An antiques dealer who travelled to London to celebrate his brother's birthday was killed by four youths after catching the wrong Tube train, the Old Bailey was told yesterday.

Thomas Scott, 34, from Newark-on-Trent, Nottingham-shire, was returning to the Hendon home of his brother, Nicholas, who was with him, in October last year. The men realised that they had taken the wrong branch of the Northern Line and got off the train in Kentish Town, north-west London.

Jeremy Benson QC, for the prosecution, said that the two men became involved in a scuffle with two or three men shortly before 1am near the Tube station, after which four youths joined the fracas.

He said: "These four defendants were in the vicinity and decided to join in the fight. They chased the Scott brothers along the road. Eventually Thomas Scott and his brother were caught."

Mr Benson said that Nicholas Scott, 28, shouted at the youths to stop as his brother lay on the ground, bleeding heavily. Thomas Scott, who suffered serious head injuries, never regained consciousness.

Nicholas Scott, who said he felt "pretty drunk", could not remember getting on to the Tube, but did recall what happened on the street after they left Kentish Town station.

He told the court: "I remember feeling concerned about the amount of intimidation when I left that station. I walked off, leading by example, and my brother turned and walked off. I remember hearing something like, 'Are you going to get them?' They turned in our direction and we carried on walking away from the scene.

"I remember a jolt to the back of the head, I tried to keep my balance, blows were coming in. Quickly after that I remember seeing my brother on the ground.My brother wasn't moving. He seemed a far distance - I had to run over to him ... [he was] about 20 to 30 feet away." He went on: "I shouted 'stop', put my arms up and everything seemed to have stopped."

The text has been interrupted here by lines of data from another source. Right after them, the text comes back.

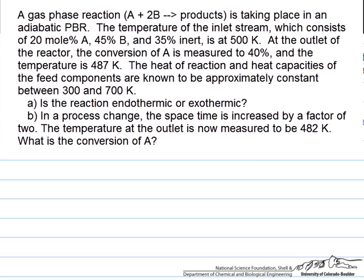Let's take a look at an energy balance problem. This deals with an adiabatic reaction occurring in a tubular packed bed reactor. The temperature of the inlet stream is 500K and the exit stream is 487K. The heat of reaction and heat capacities of the components are assumed to be constant, which makes the math easier in this problem.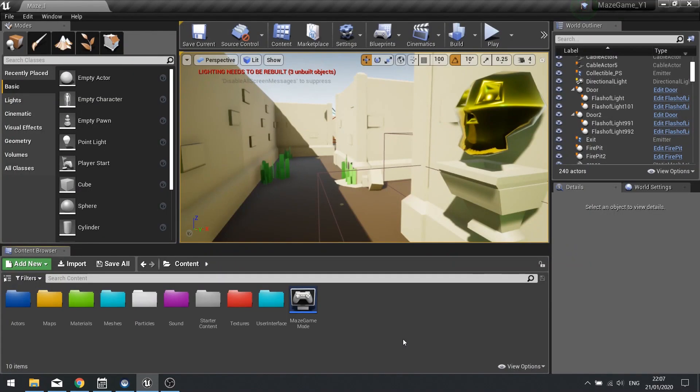Hi everyone and welcome to a snack-size video in Unreal Engine 4. In this video I'm going to show you how to do a camera shake.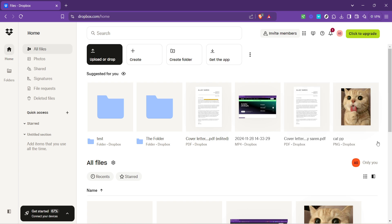Now that you're logged in, you'll find yourself on the main dashboard of your Dropbox account. At this point, you're just a few clicks away from accessing all your stored files.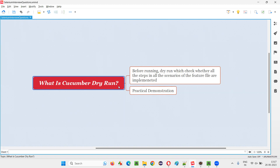Why do we need that confirmation? Before running, we want to cross-check whether all the steps in all the scenarios of the feature file are implemented or not. If any particular step is not implemented, we can find it out with the help of dry run, then implement that step and perform normal running. That's the purpose of the dry run.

Both men were taken to the Royal Free Hospital in north-west London. Thomas Scott was put on a life-support machine, which was switched off three days later. Nicholas Scott was treated for a swollen nose, black eyes and bruises.

One of the four youths allegedly used a knuckle duster to hit Thomas Scott at least twice. It was found under his body at the scene. A bread crate was also used as a weapon.

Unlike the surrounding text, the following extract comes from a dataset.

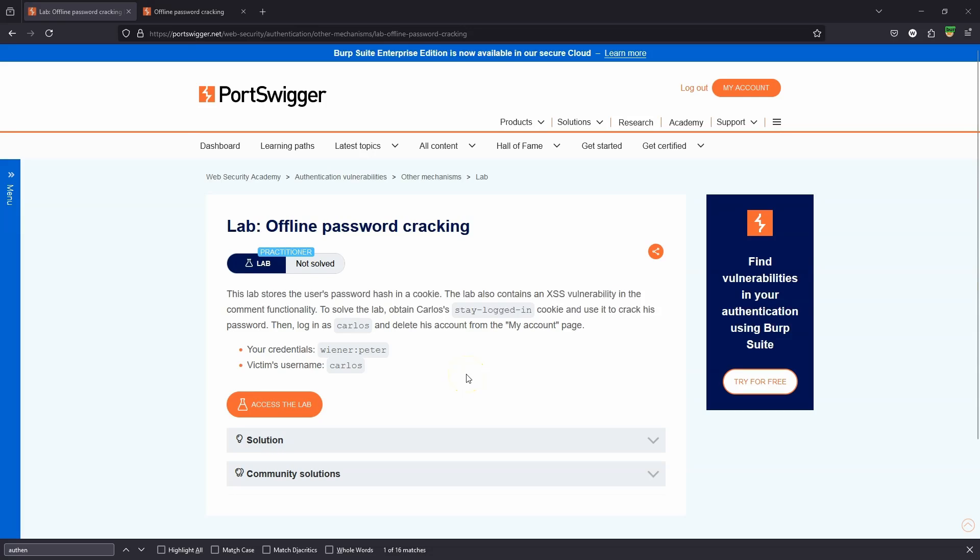What's up guys, we're going to be taking a look at this lab: offline password cracking. Let's take a look at the notes. This lab stores the user's password hash in a cookie. It's an MD5 hash.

The jury was told that the four youths fled the scene and boarded a bus.

The brothers had met earlier that day at King's Cross and travelled to South Kensington, where they visited the Natural History Museum and some pubs. They later went to meet their cousin in Islington. Both had consumed a considerable amount of alcohol, the court was told.

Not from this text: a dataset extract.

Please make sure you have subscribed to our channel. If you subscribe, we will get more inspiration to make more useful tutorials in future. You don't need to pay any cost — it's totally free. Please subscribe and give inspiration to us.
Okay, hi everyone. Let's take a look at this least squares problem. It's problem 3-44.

CCTV footage from Kentish Town Tube station showing the brothers dancing together was replayed to the jury. Mr Benson said: "It seems they were in somewhat good humour and performing some sort of jig or dance."

Mohamed Ahmed, 20, from north London, two boys aged 16 and one of 17 - who cannot be named for legal reasons - deny murdering Mr Scott on 19 October 2002. The trial continues.